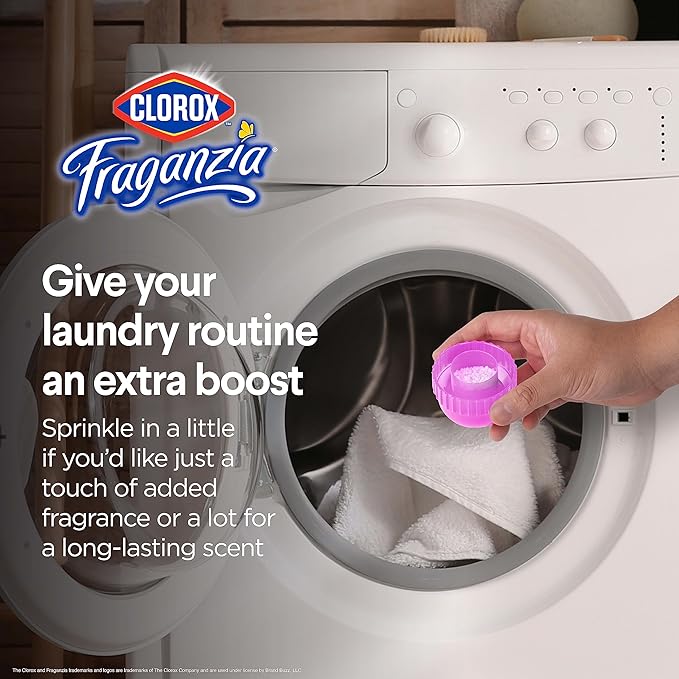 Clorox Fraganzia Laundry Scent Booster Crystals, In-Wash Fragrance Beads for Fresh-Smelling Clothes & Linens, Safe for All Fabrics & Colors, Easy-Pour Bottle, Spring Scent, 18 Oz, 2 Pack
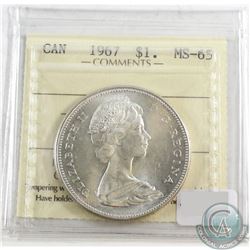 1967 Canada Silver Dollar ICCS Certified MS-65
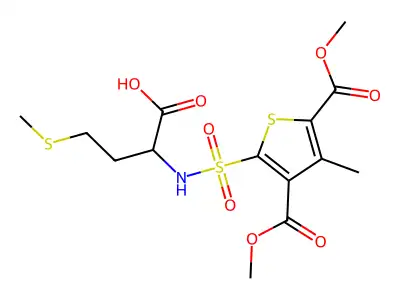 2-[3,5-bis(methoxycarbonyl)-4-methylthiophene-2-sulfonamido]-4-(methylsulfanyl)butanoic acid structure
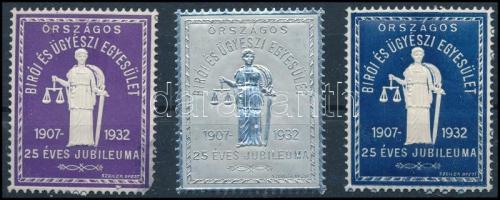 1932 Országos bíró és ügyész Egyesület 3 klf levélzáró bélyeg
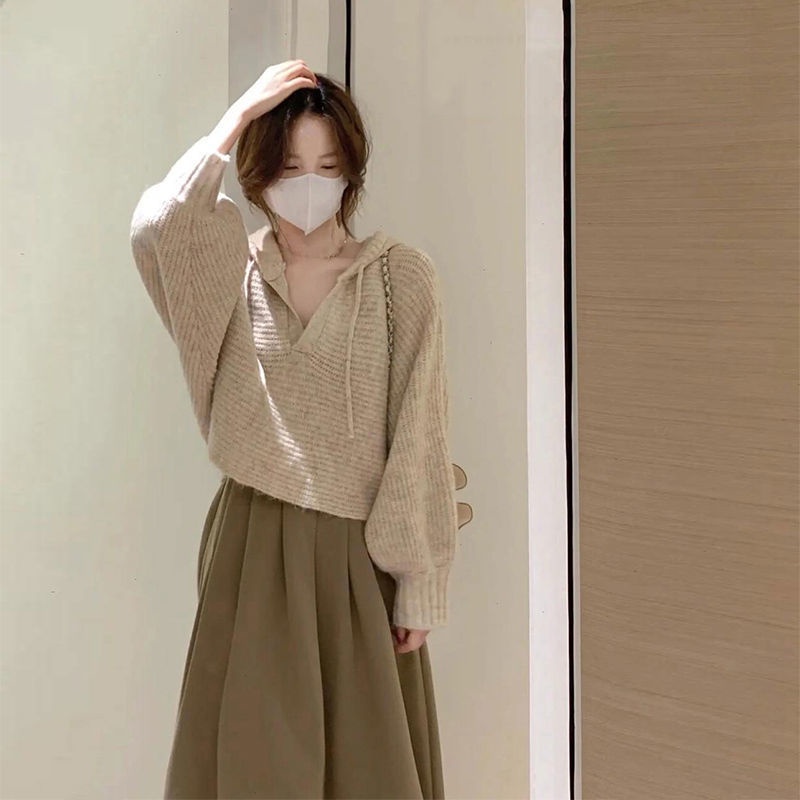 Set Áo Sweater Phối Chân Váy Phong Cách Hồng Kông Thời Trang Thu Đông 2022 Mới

* _ASSIGNED TASK_
What is needed is an exact transcription of the lines from the one holding "1932 Országos bíró" to the end of the data, with every picture left out.

* _PROBLEM SOLUTION_
 1932 Országos bíró és ügyész Egyesület 3 klf levélzáró bélyeg
 Set Áo Sweater Phối Chân Váy Phong Cách Hồng Kông Thời Trang Thu Đông 2022 Mới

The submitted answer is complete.